Preserving a View: Landscape, Labor, and Industry at Frederic Church’s Olana
Taylor Rossini, WPAMC ’24
On our Northern Field Studies trip, we visited Olana, an Orientalist fantasia nestled along the Hudson River that served as the country home and studio of landscape painter Frederic Edwin Church. The property and its contents have remained remarkably intact from the Church family’s residence there, in large part due to the herculean efforts of art historian David Huntington beginning in the 1960s. While the house and its furnishings, which include a significant body of Church’s own work, are a no-brainer in terms of preservation, the house is only one facet of Church’s holistic vision for the property. Considered by Church scholar Franklin Kelly to be the artist’s “last great work,” embarked upon when severe arthritis forced him to eschew painting for other media, the Olana grounds constitute a remarkable achievement in landscape design and terraforming. The central area of the grounds to Church’s vision for the property have ensured their preservation, but a more complex preservation question arises in the form of the Olana viewshed—the carefully crafted sight lines that formed an integral part of Church’s vision, many of which include natural features and property beyond Olana’s jurisdiction. How can a view be preserved?
The Olana viewshed currently holds landmark status. A historic marker erected by the nonprofit Scenic Hudson reads:
Olana Viewshed
This landscape made famous by Hudson River School painter Frederic E. Church 1826-1900.
Protected by the Scenic Hudson Land Trust
with funding from the Lila Acheson & Dewitt Wallace fund for the Hudson Highlands
The viewshed has achieved its landmark status not simply due to its natural beauty, but because of its integral relationship to Church’s artistic practice.

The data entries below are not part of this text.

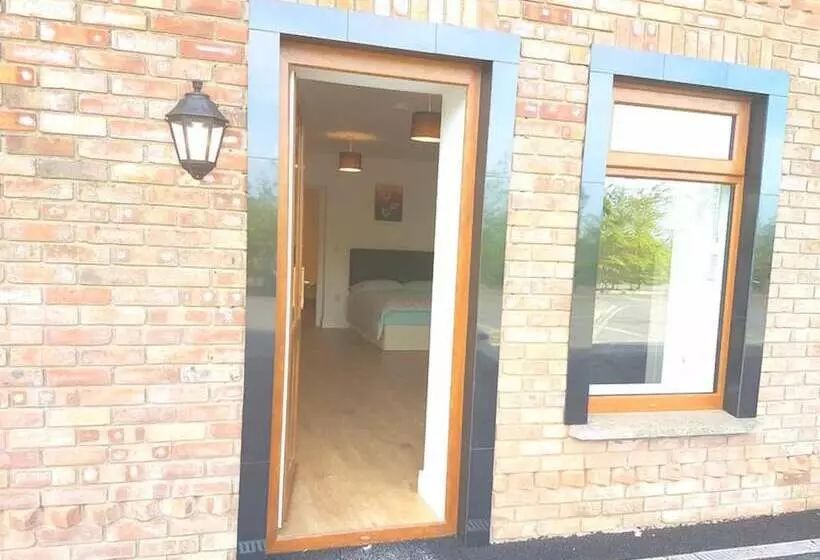 Tara View Apartments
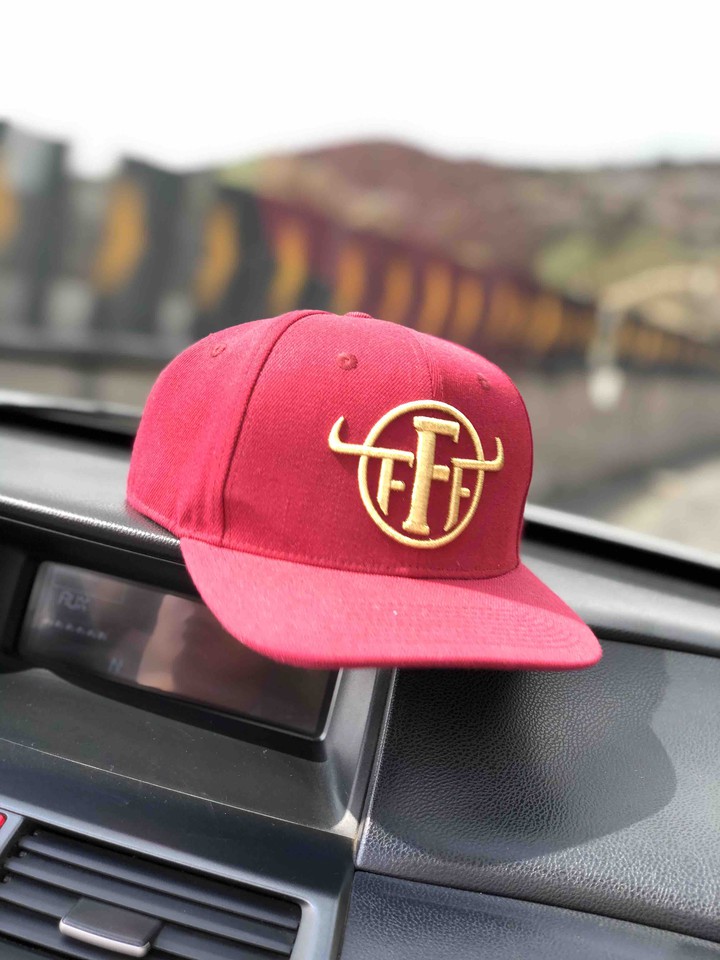 FFF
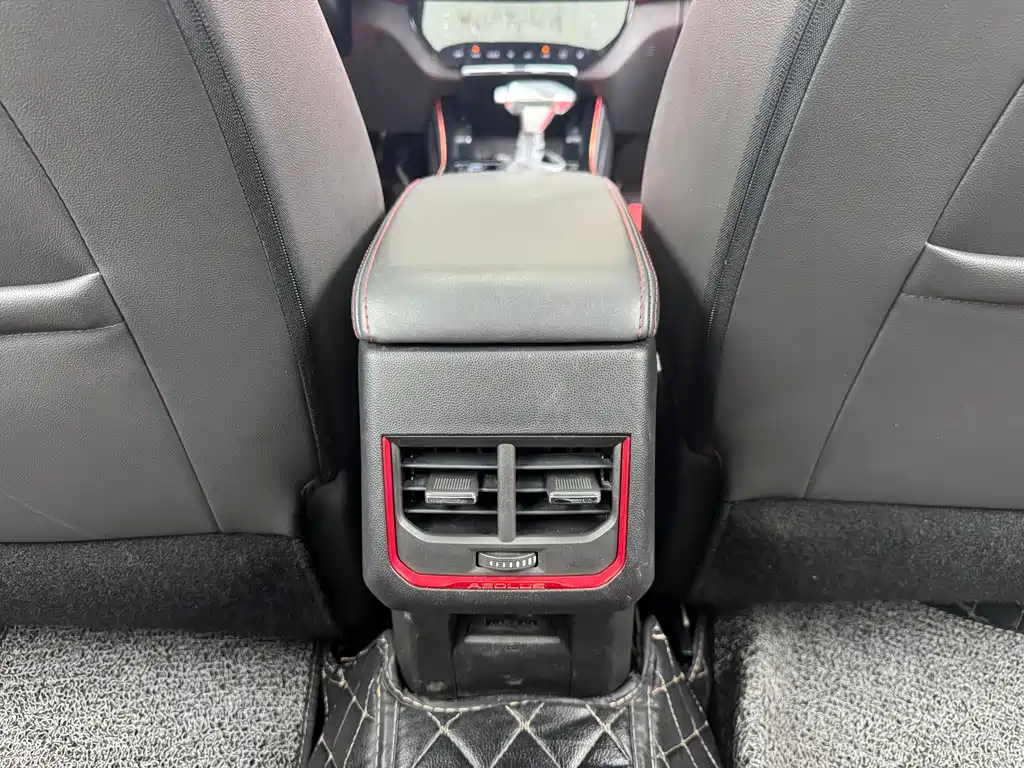 Фото машины 12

The landscape provided a constant muse for the artist’s work in landscape painting, but, furthermore, played a crucial role in the immersive aesthetic experience offered by Olana. In the 1880s, physically unable to paint, Church shifted his medium of choice from canvas to the lands around him. Having built a career on immersive panoramas, Church now constructed in three-dimensions the views he had spent so long representing in two. He remarked in a letter to a friend, “I can make more and better landscapes in this way than by tampering with canvas and paint in the Studio.”
Church composed his landscape as he would structure one of his paintings, creating a foreground, middleground, and background for each view. The creation of a pictorialized, naturalistic landscape involved huge physical intervention into the existing landscape, including the addition of working and non-working farms, winding roads, orchards, woodlands, and an artificial lake. In short, it took enormous effort and resources to make Olana’s natural landscape look like Church’s “nature.” The language used by curators and scholars to describe this effort emphasizes Church’s hand and agency in the process of pictorializing his grounds—he “composed” landscapes, both in paint and in life.
Centering Church’s vision and even, rhetorically, his hand in the creation of the Olana landscape obscures the bodies that embarked upon this herculean effort of terraforming, which certainly did not include the elderly Church’s. As yet, there appears to have been little investigation into who performed this labor, but it is important to understand that the Olana grounds are not only a facet of Church’s artistic practice, but also a physical record of labor elided by a master narrative of eccentric genius.
The ugly realities of labor in the landscape continue to dog the Church property. The Olana viewshed has on several occasions become a flashpoint for local debates about industrial development. In 2005, a proposal to build a cement plant on the east bank of the Hudson River was struck down by the state administration on grounds of, among other complaints, infringement upon scenic vistas. The plant, proposed by the Canadian company St. Lawrence Cement, would have included a 40-story smokestack and a two-mile-long conveyor system to move materials along the waterfront. New York Secretary of State Randy A. Daniels noted in his 20-page decision that the plant would mar, specifically, the sweeping views from Olana. Almost thirty years earlier, a Church painting in Olana’s collection, View of the Hudson River Valley in Winter from Olana, was even brought forward as evidence in court to recommend the denial of a construction license for a proposed nuclear power plant. Both debates speak to the enduring centrality of Church’s vision to local identity.
The Olana viewshed remains today a sprawling, yet intangible piece of cultural heritage. The myriad of nonprofits, both cultural and environmental, that steward these historic sightlines find themselves up against the same trudge of industrial development that Church sought to eliminate from his landscapes, both painted and designed. Today, over a century after Church’s death, the Rip Van Winkle bridge, erected across the Hudson River in 1935 to connect the towns of Hudson and Catskill, represents one of the few industrial “intrusions” into his painstakingly constructed landscape, a testament to the viewshed’s enduring and incontrovertible status as a piece of North American cultural heritage.